Auch im Fasching oder Karneval ist nicht alles erlaubt. Zu realistische Polizeiuniformen als Verkleidung zum Beispiel oder gefährliche Requisiten wie scharfe Piraten-Säbel und Ritterschwerter. Auch Hakenkreuze und andere verfassungswidrige Zeichen sind eigentlich tabu. Für die Motiv-Wagen in Düsseldorf und Köln gelten wohl softere Regeln. Dieses Jahr sorgten vor allem drei für Aufsehen: Einmal Alice Weidel, die Kinder mit Hakenkreuzkeksen ins Social-Media-Hexenhaus lockt, Elon Musk als Riesenbaby "Napo-Elon" ebenfalls mit Hakenkreuz (diesmal als USA-Flagge) – aber auch ein kirchenkritischer Wagen. Hier will eine klerikale Hand einen kleinen Messdiener in einen Beichtstuhl locken, Aufschrift: "Jesus liebt Dich". Der Schrecken des Missbrauchs, eingefangen in einer bildhaften Szenerie, die Gruselfaktor hat. Zu extrem? Ja, fand der Amtsleiter des Kölner Generalvikariats Frank Hüppelshäuser, der in einem Brief gar von einer Instrumentalisierung Jesu sprach.

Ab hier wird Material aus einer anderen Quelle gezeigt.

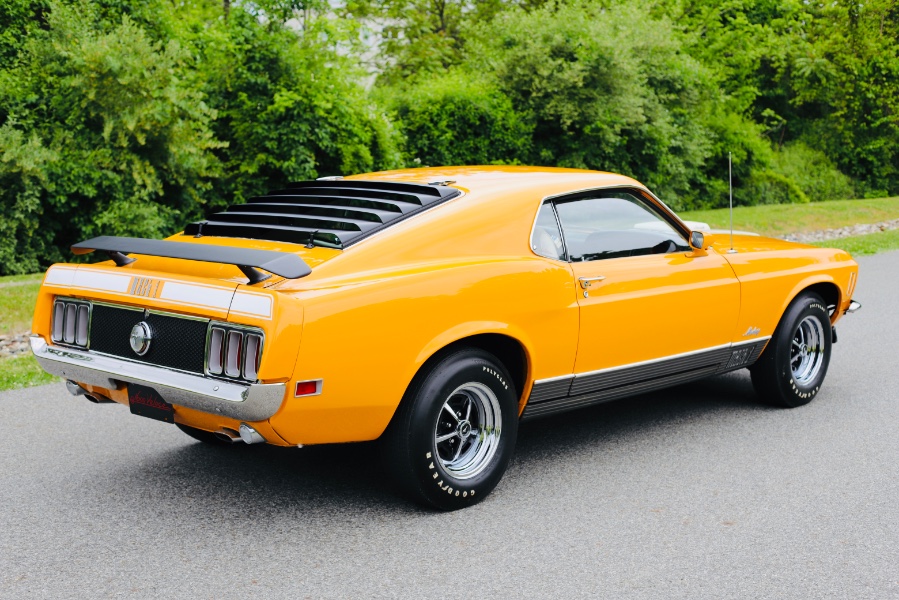 1970 Ford Mustang 428 CJ Mach 1, available for sale in North Salem, New York | Meccanic Shop North Inc. North Salem, New York 1970 Ford Mustang 428 CJ Mach 1, available for sale in North Salem, New York | Meccanic Shop North Inc. North Salem, New York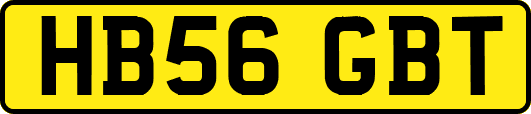HB56GBT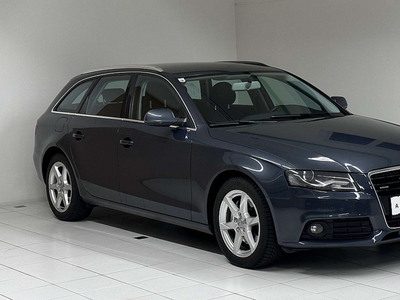 Audi A4 Avant 3,0 TDI DPF quattro Aut. PICKERL NEU!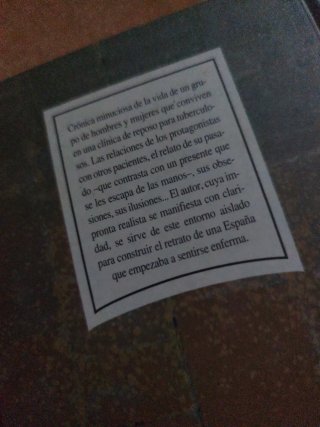 Libro Nuevo con Etiquetas  Muy interesante.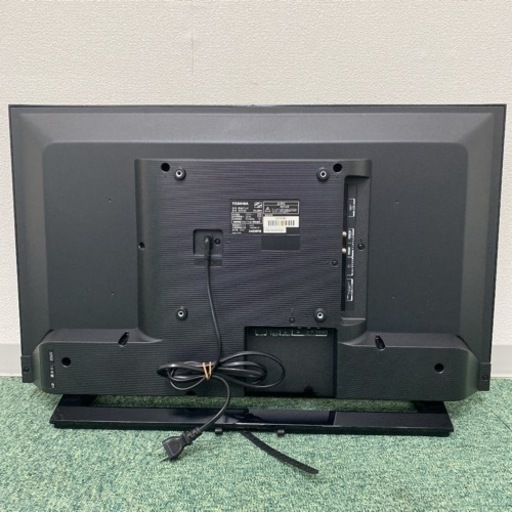 【ご来店限定】＊東芝 液晶テレビ レグザ 32型 2019年製＊1218-2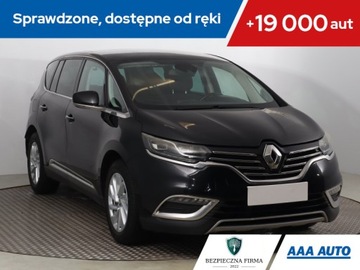 Renault Espace V Van 1.6 Energy dCi 130KM 2015 Renault Espace 1.6 dCi, Navi, Klima, Klimatronic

Den Eindruck, dass Jesus hier im Beichtstuhl sitzt, den hatte ich spontan nicht. Stattdessen war mir der Satz einer Zuschauerin aus Köln im Ohr, die einer Reporterin sagte: "Die Wagen drücken aus, was wir alle fühlen". Wenn das neben dem krassen Rechtsruck in der Politik auch für das Thema "Missbrauch" gilt, ist das Bedrückende doch nicht der Wagen - sondern, dass dieses Thema 15 Jahre (!) nach Bekanntwerden der ersten Missbrauchsfälle am Berliner Canisius-Kollegs immer noch so stark an der Kirche hängt. Das ist auch anderen aufgefallen. Der Betroffenenbeirat im Erzbistum Köln sprach in seinem Statement von Familien als "große Tatorte, die deutlicher öffentlich benannt werden müssen. Dazu wird geschwiegen". Andere von Missbrauch in der Kirche Betroffene fanden die Darstellung als "Risiko-Ort für sexuellen Kindesmissbrauch in der Katholischen Kirche" treffend (Matthias Katsch) oder sahen den Zusammenhang von spirituellem und sexuellem Missbrauch ausgedrückt (Wolfgang Rothe).

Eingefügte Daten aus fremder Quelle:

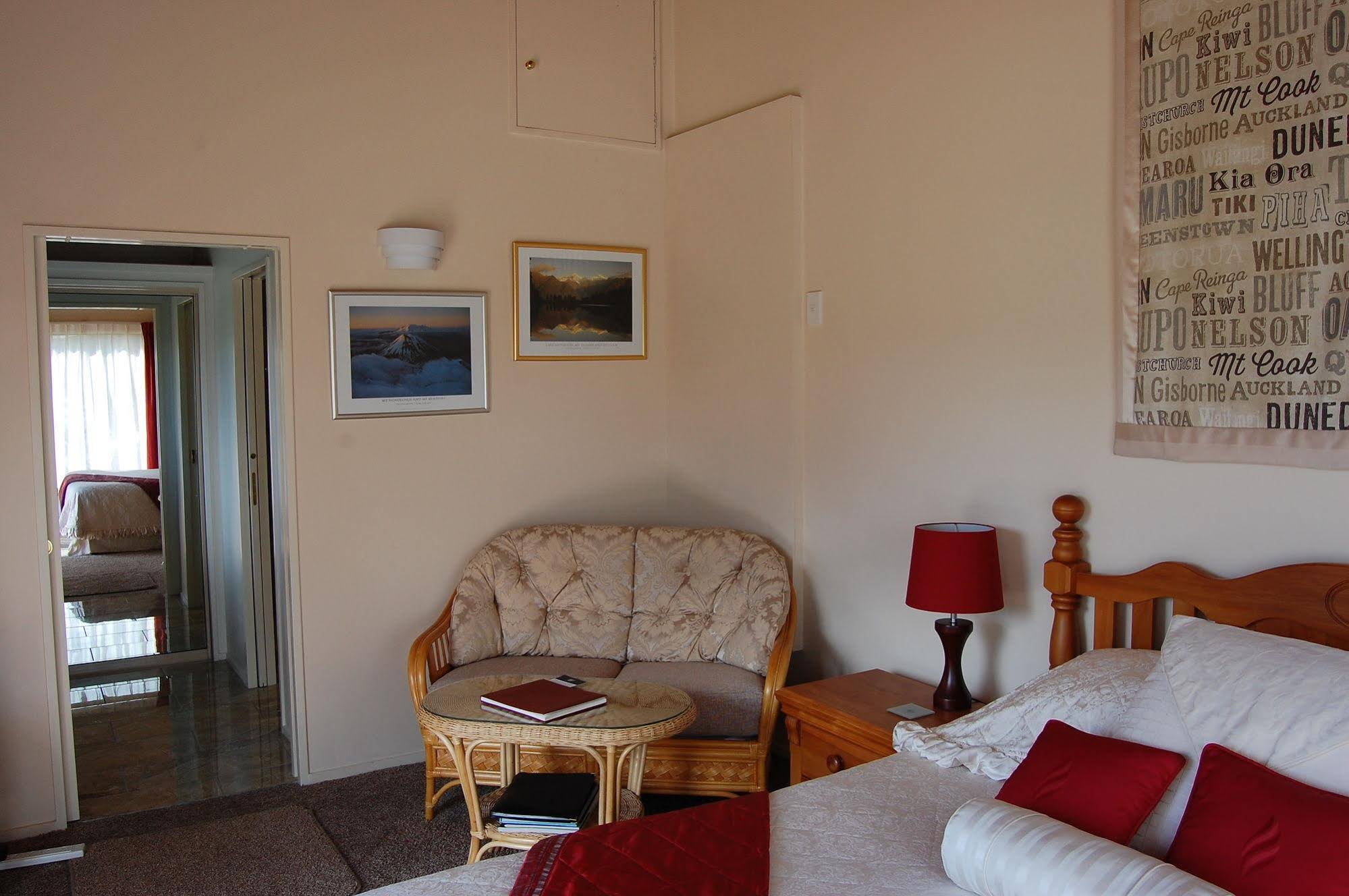 Te Awa Lodge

Fakt scheint: Die Kirche hat nicht nur durch die vertuschten Verbrechen, sondern an vielen Orten leider auch bei der misslungenen Aufarbeitung Vertrauen verspielt. Der Skandal beschäftigt die Menschen immer noch sehr. Die Narren machen das sichtbar. 

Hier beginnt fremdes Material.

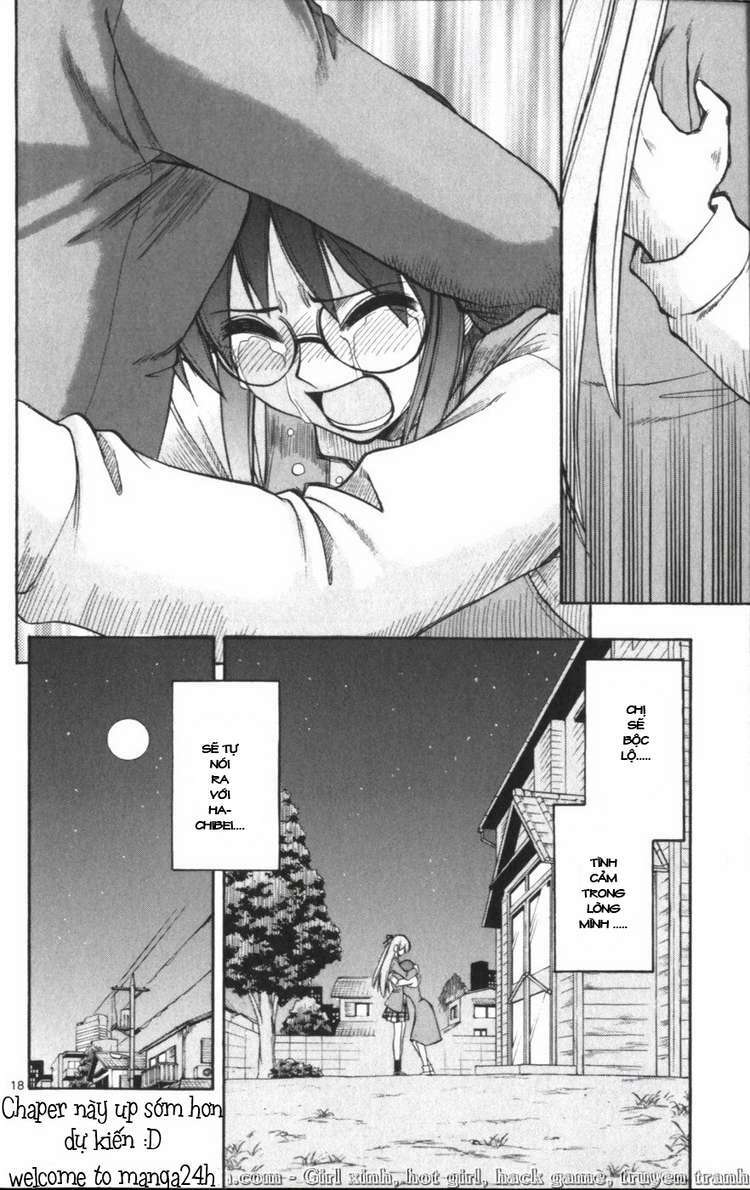 Ai Kora: Chapter 117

Kirche hat Vertrauen verspielt

Fakt scheint: Die Kirche hat nicht nur durch die vertuschten Verbrechen, sondern an vielen Orten leider auch bei der misslungenen Aufarbeitung Vertrauen verspielt. Der Skandal beschäftigt die Menschen immer noch sehr. Die Narren machen das sichtbar. Dass bei Satire Überzeichnung dazugehört, das ist klar. Manchmal provoziert sie dabei so, dass die Reaktionen Auskunft geben, was Einzelnen oder einer Gruppe heilig ist. Das macht sie interessant. Bei kirchlichen Themen passiert überregionale Aufregung hier eher selten. Mediale Aufmerksamkeit gab es aber beispielsweise, als die Satire-Zeitschrift "Titantic" Papst Benedikt mit Soutane darstellte, die vorne und hinten befleckt mit Exkrementen war (Titel: "Die undichte Stelle ist gefunden"). Das ist auch schon über zehn Jahre her. Mehr Aufmerksamkeit erregt die Kunst, wenn es um Blasphemie-Vorwürfe geht, beispielsweise bei Kippenbergers berühmtem gekreuzigten Frosch oder kürzlich bei einer Darstellung der gebärenden Maria in Linz.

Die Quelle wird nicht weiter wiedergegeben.